The Internal Revenue Service may have handed U.S. pulp and paper companies a multibillion-dollar gift by ruling that black liquor produced in 2009 is eligible for an even more lucrative tax credit than the one claimed by manufacturers last year.
The June 28 ruling contradicts previous guidance from the Environmental Protection Agency that the molasses-like pulp byproduct could not qualify for Cellulosic Biofuel Producer Credits (CBPC) because it is not a motor-vehicle fuel or fuel additive. The new IRS ruling does not allow the same black liquor to receive both the original black liquor credits ("alternative fuel mixture") and CBPCs, the so-called Son of Black Liquor tax credits.
The exact impact of the ruling is unclear, but in theory it could be worth more than $10 billion to U.S. companies.
Publicly traded U.S. companies received more than $6.5 billion in black liquor tax credits last year by exploiting a loophole in legislation designed to subsidize "green" fuels. Privately held companies probably qualified for at least another $2 billion.
CBPCs are paid at the rate of $1.01 per gallon, versus 50 cents for the original black liquor credits, so there could be $8 billion to $9 billion available if companies can refund the black liquor tax credits they have already received so that they can get the CBPCs instead. The IRS ruling provides no guidance on that point.
Late to the party
Also, many pulp makers were late to the black liquor party last year, not qualifying for the credits until several months had passed. Publicly traded companies received about $800 million more credits in the second half of the year than the first, suggesting they produced about 1.6 billion gallons of black liquor in 2009 that did not receive the credits. Add in privately held companies and there's probably at least 2 billion gallons -- worth more than $2 billion in CBPCs -- that could qualify without the companies having first to return money to the IRS.
Because it can only be used to reduce income-tax payments, rather than being a direct payment like the original black liquor tax credits, CBPC may not be of much benefit to unprofitable or barely profitable companies. The credits, however, can be carried forward for several years, which could be helpful to the many pulp makers that paid no income taxes for 2009 but are more profitable this year. The ability to use the credits in subsequent years could make unprofitable companies more attractive for acquisition by profitable ones.

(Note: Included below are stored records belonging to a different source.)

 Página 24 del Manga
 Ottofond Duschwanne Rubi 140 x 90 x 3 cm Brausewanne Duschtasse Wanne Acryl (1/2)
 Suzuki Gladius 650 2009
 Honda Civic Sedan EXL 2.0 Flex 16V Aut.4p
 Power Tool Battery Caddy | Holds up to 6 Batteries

The alternative fuel mixture program expired at the end of 2009. The "ObamaCare" healthcare legislation disqualifies black liquor for CBPCs starting on Jan. 1, 2010 but had no impact on 2009, the first year of the program.
Pulp makers have already applied
"For black liquor sold or used before January 1, 2010, however, a number of black liquor producers have indicated they intend to claim a [CBPC] credit," the ruling says. "In addition, a number of these black liquor producers have applied to the IRS . . . to be registered by the IRS as producers of cellulosic biofuel."

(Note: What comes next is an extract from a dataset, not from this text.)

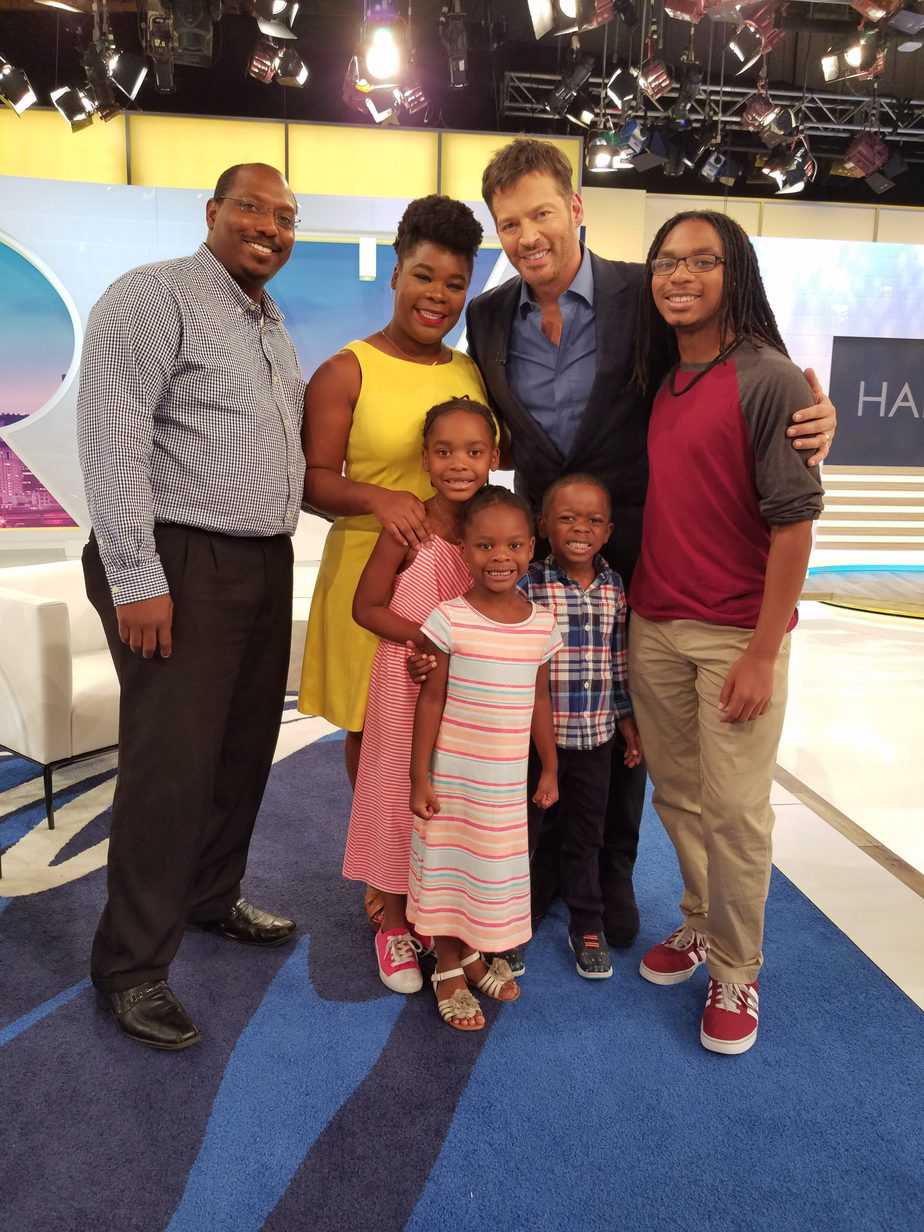 Natasha Nicholes from Houseful of Nicholes on HARRY with Harry Connick Jr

Prior to the ruling, several pulp makers had said they did not expect any further tax credits from black liquor. A presentation from International Paper -- which could net more than $2 billion from the ruling -- stated last year "we believe that pulp & paper producers do not qualify" for CBPCs.
The IRS ruling acknowledges that one requirement for a substance to receive CBPCs is that it "meets the registration requirements for fuels and fuel additives established by the Environmental Protection Agency (EPA) under section 211 of the Clean Air Act". Because those registration requirements only apply to motor vehicle fuels and fuel additives, an EPA official indicated last year that the CBPC law apparently excludes black liquor, which is not suitable for motors.
But the new ruling cites previous IRS guidance (in logic that only a lawyer could love) stating that a "fuel meets the EPA registration requirements if the EPA does not require the fuel to be registered."
"Cellulosic fuel that is not used for fuel in a motor vehicle does not have to be registered by the EPA," the ruling adds. "Practically speaking, black liquor cannot be used as a fuel in a motor vehicle."